A los 9 años, y habiendo sido dejado como responsable del orden de una clase mientras el curita cuidador se ausentaba momentáneamente, llevé mi celo hasta a tal punto que solté una bofetada a mi compañero Muñiz por haber hablado contra mis órdenes.
A los 13 años, y gracias a mis dotes de velocista, me permitía asiduamente reservar una portería de futbol mediante el procedimiento de tocar el larguero antes de que lo hiciera cualquier otro. Habiéndolo hecho como cualquier otro día fuí despojado de mi derecho de uso por Echart, un tipo grande bastante mayor que yo que acompañó su robo con una bofetada majestuosa.

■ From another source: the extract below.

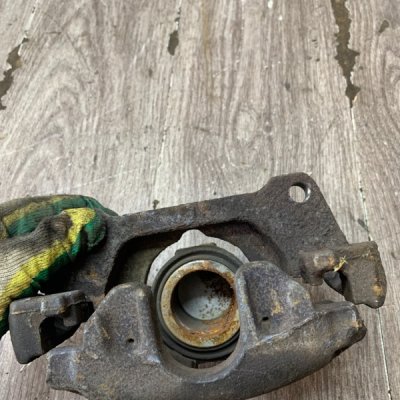 Тормозной суппорт Audi A4 B6 2004 седан BKE Перед. Прав. - изображение 4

La bofetada que propiné a Muñiz me llevó a odiarme a mí mismo o, mejor dicho, al nazi autoritario que hay en mí, y le busco incansablemente para pedirle perdón. La de Echart me genera el asqueroso rencor de la víctima y me lleva a no poder perdonar y a jurar venganza.
Me disgustan el autoritarismo y la crueldad, pero lo que odio de verdad como resultado de estas dos bofetadas es el poder del tipo que sea.
Sí, lo que odio es el poder. Y lo que echo en falta es un buen intercambio de golpes sin razón aparente como el que tuve el placer de compartir con Manolo Lezón allí por mis siete años. Dolían los golpes; pero por cada uno de ellos se ataba un nuevo nudo de amistad.